Mais, encore une fois, le cœur est caché à notre vue ; il est soigneusement et fermement gardé ; il n’est pas placé sur le front comme l’œil, commandant tout et vu par tous : ainsi, de la même façon, la doctrine sacrée du Sacrifice Expiatoire n’est pas quelque chose dont on parle, mais dont on vit ; elle n’est pas faite pour être brandie sans respect, mais pour être adorée secrètement ; non pour être utilisée comme une instrument nécessaire à la conversion de ceux qui sont sans Dieu, ou pour la satisfaction des raisonneurs de ce monde, mais pour être dévoilée aux dociles et aux obéissants ; aux jeunes enfants que le monde n’a pas encore corrompus ; aux malheureux qui ont besoin de réconfort ; aux sincères et aux sérieux, qui ont besoin d’une règle de vie ; aux innocents qui ont besoin de mise en garde ; et à ceux qui sont bien établis et ont mérité de la connaître…

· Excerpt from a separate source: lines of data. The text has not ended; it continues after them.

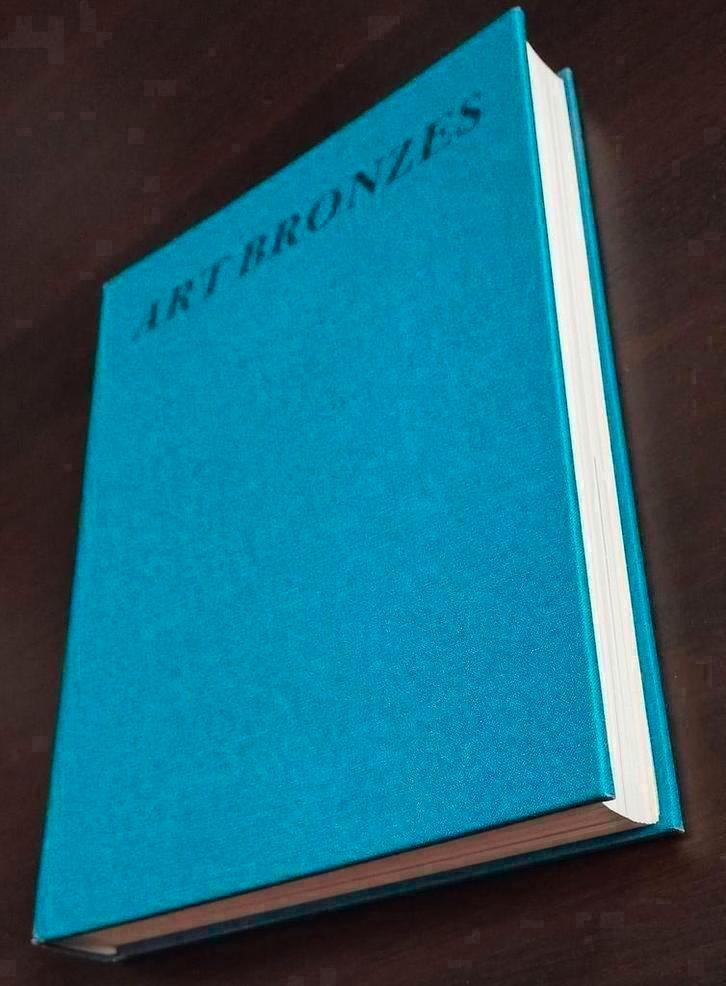 ART BRONZES boek, Ophalen of Verzenden
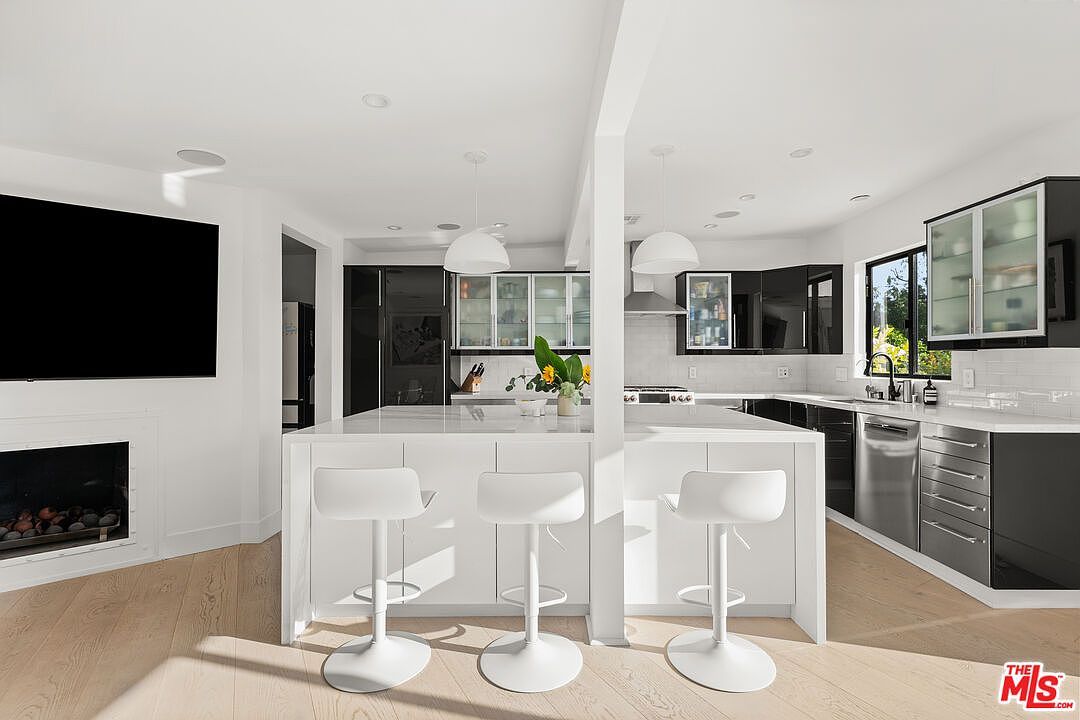 2767 La Cuesta Dr Los Angeles, CA 90046 - Thumbnail 4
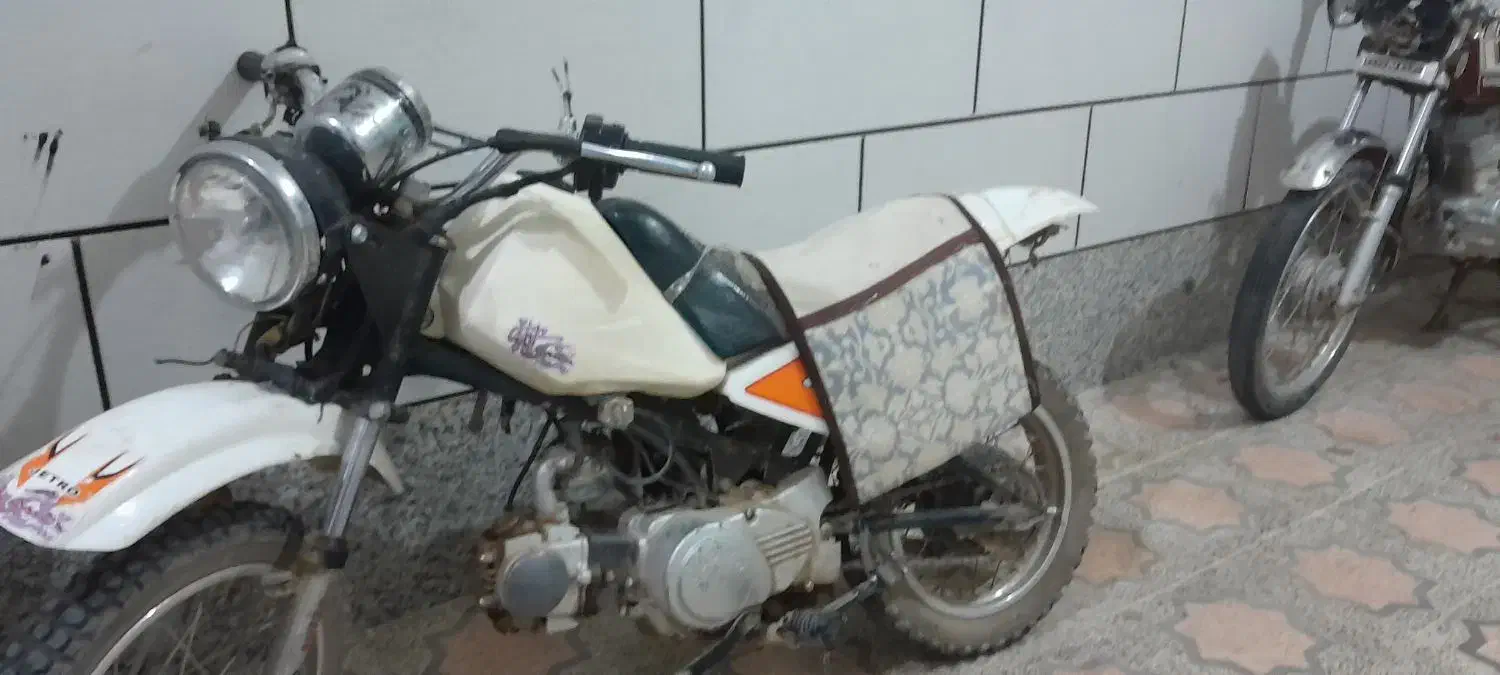 موتور مینی|موتورسیکلت|برخوار, |دیوار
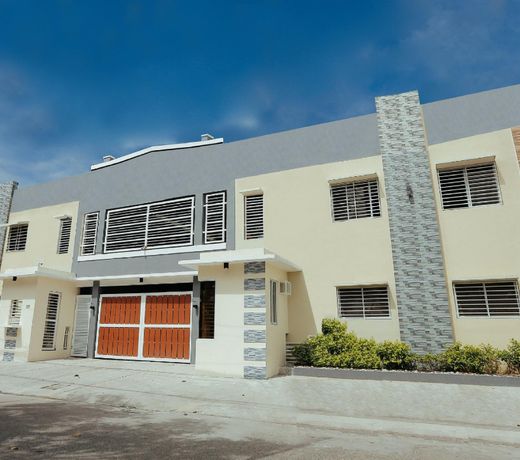 OYO 645 Ljenj Apartelle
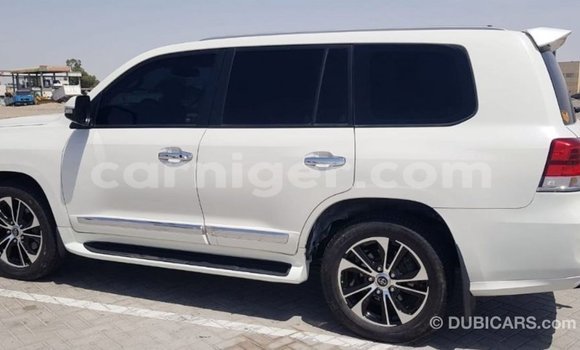 Buy Import Toyota Land Cruiser White Truck in Import - Dubai in Agadez Buy Import Toyota Land Cruiser White Truck in Import - Dubai in Agadez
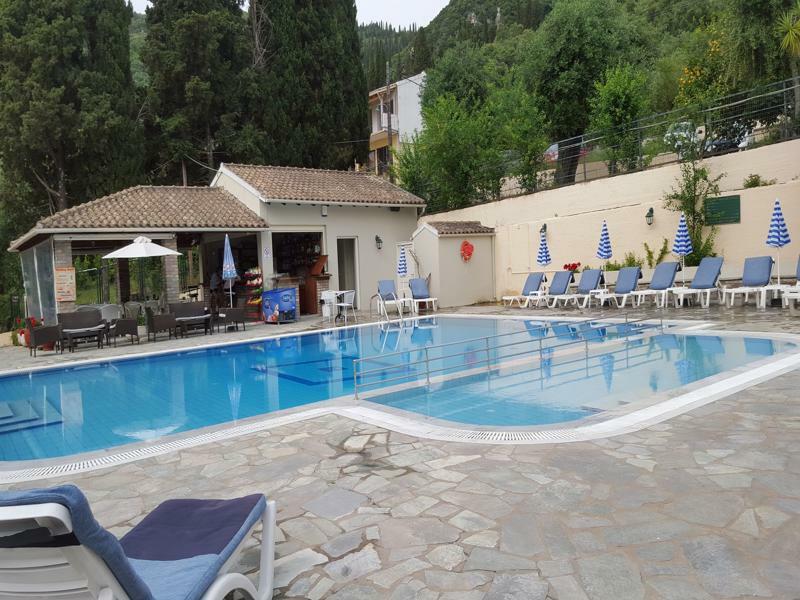 Elli Marina Studios And Apartments Benitses  Dış mekan fotoğraf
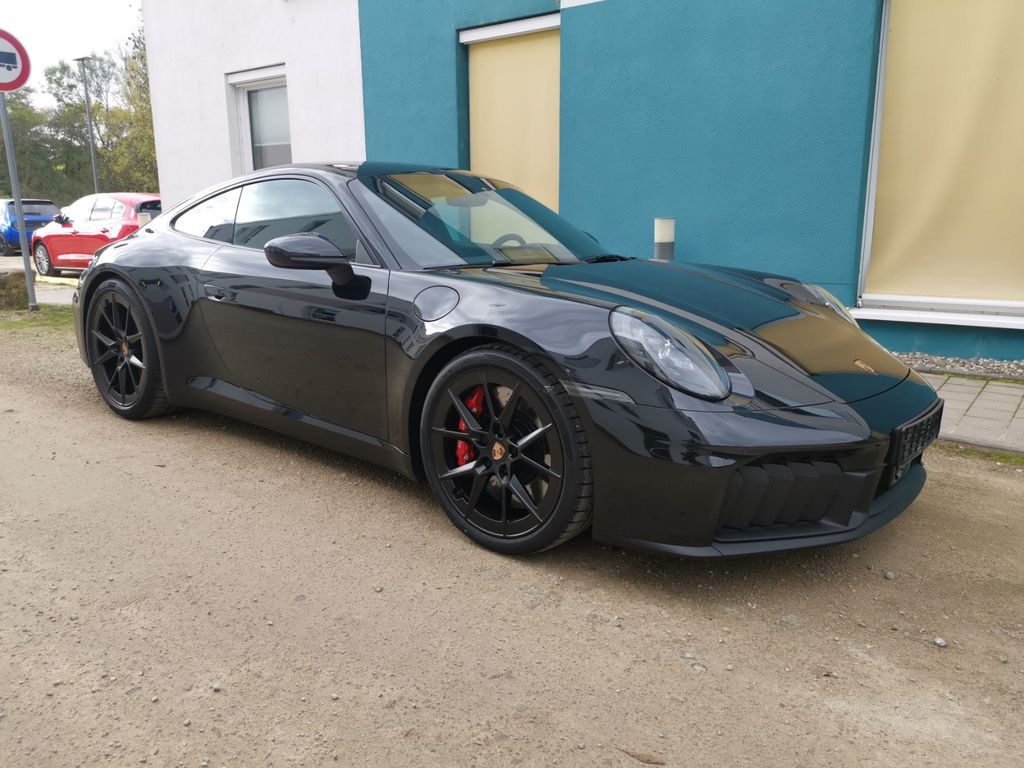 Porsche 992 2025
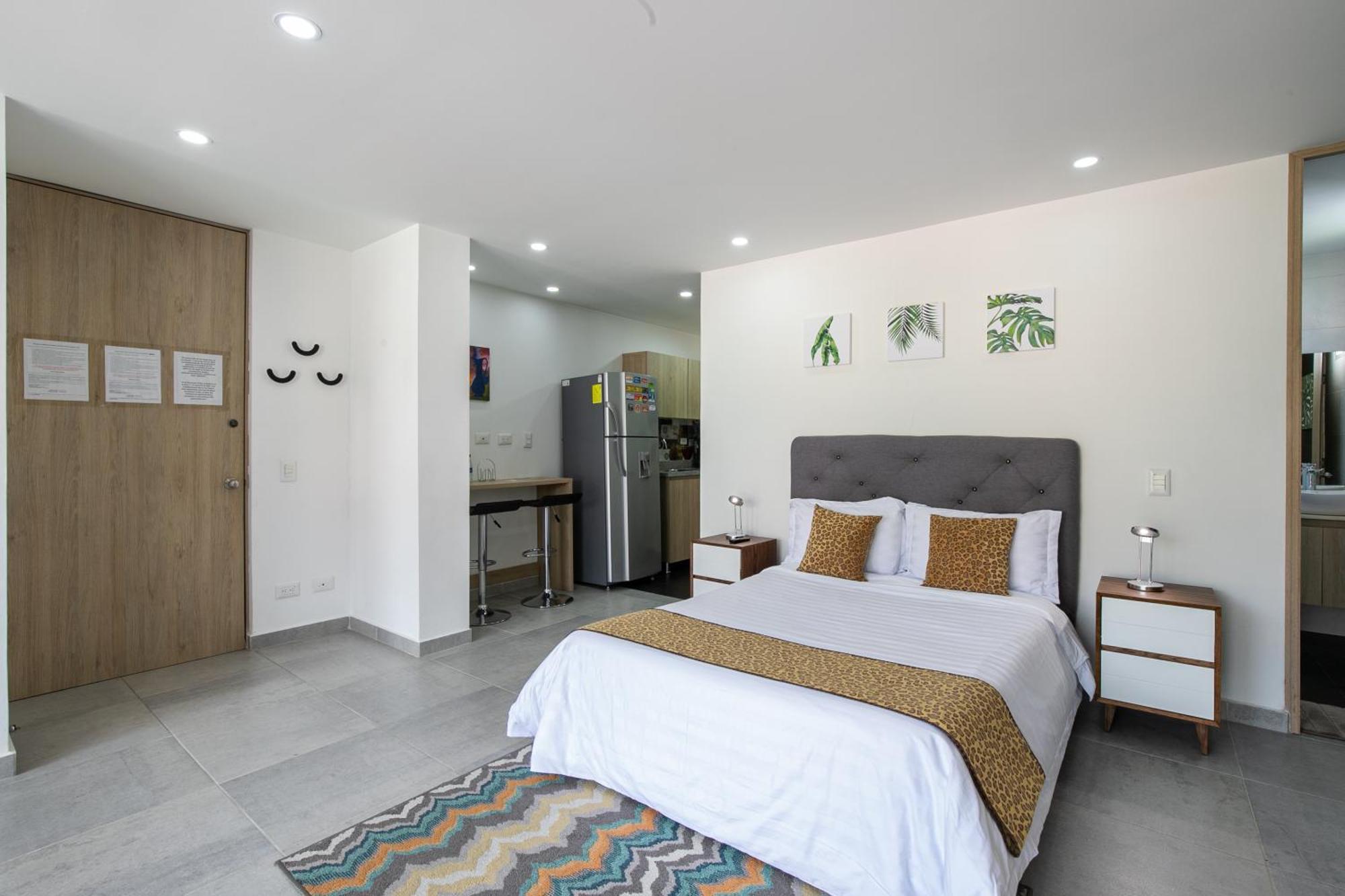 Apartamentos Borbon Suites Меделин Екстериор снимка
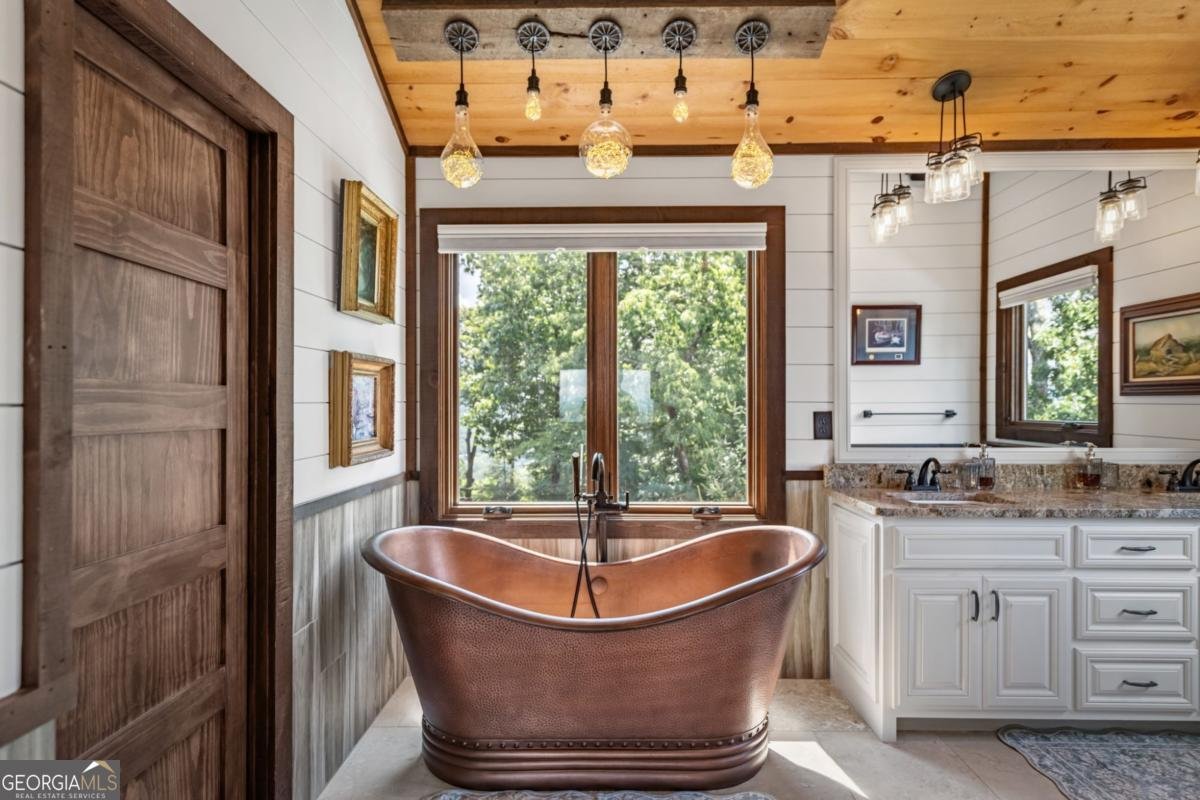 520 Overlook Drive Blue Ridge - 46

Et ainsi, également, tout ceci est brillant et beau, même à la surface de ce monde, bien que cela n’ait aucune substance et qu’on ne puisse pas en profiter de façon correcte pour son bien. C’est pourtant une silhouette et une promesse de cette vraie joie qui jaillit de l’Expiation. C’est une promesse d’avance de ce qui sera : c’est une ombre qui suscite l’espoir car la substance va suivre, mais elle ne doit pas être prise inconsidérément pour la substance. Et c’est la manière habituelle qu’a Dieu d’agir avec nous par pitié, en envoyant l’ombre avant la substance, pour que nous puissions trouver du réconfort dans ce qui sera, avant que cela n’arrive.
Ainsi Notre Seigneur avant sa passion, est entré à Jérusalem triomphalement, tandis que les multitudes criaient Hosanna, et jonchaient son chemin de palmes et de vêtements. Ce fut un spectacle vain et creux, et Notre Seigneur n’en a éprouvé aucun plaisir. Ce fut une ombre qui ne resta pas, mais s’échappa. Cela ne pouvait pas être autre chose qu’une ombre car il n’avait pas encore subi sa Passion par laquelle Son vrai triomphe a été provoqué. Il ne pouvait pas entrer dans Sa gloire avant d’avoir d’abord souffert. Il ne pouvait pas prendre plaisir dans cette apparence de triomphe dont Il savait qu’il n’était pas réel.
Cependant cette première ombre de triomphe fut un signe et un présage de la vraie victoire à venir quand Il aurait surmonté la violence de la mort. Et nous commémorons cette image de triomphe le dernier dimanche de carême pour nous réjouir dans la tristesse de la semaine qui suit, et pour nous rappeler la vraie joie qui vient avec le jour de Pâques.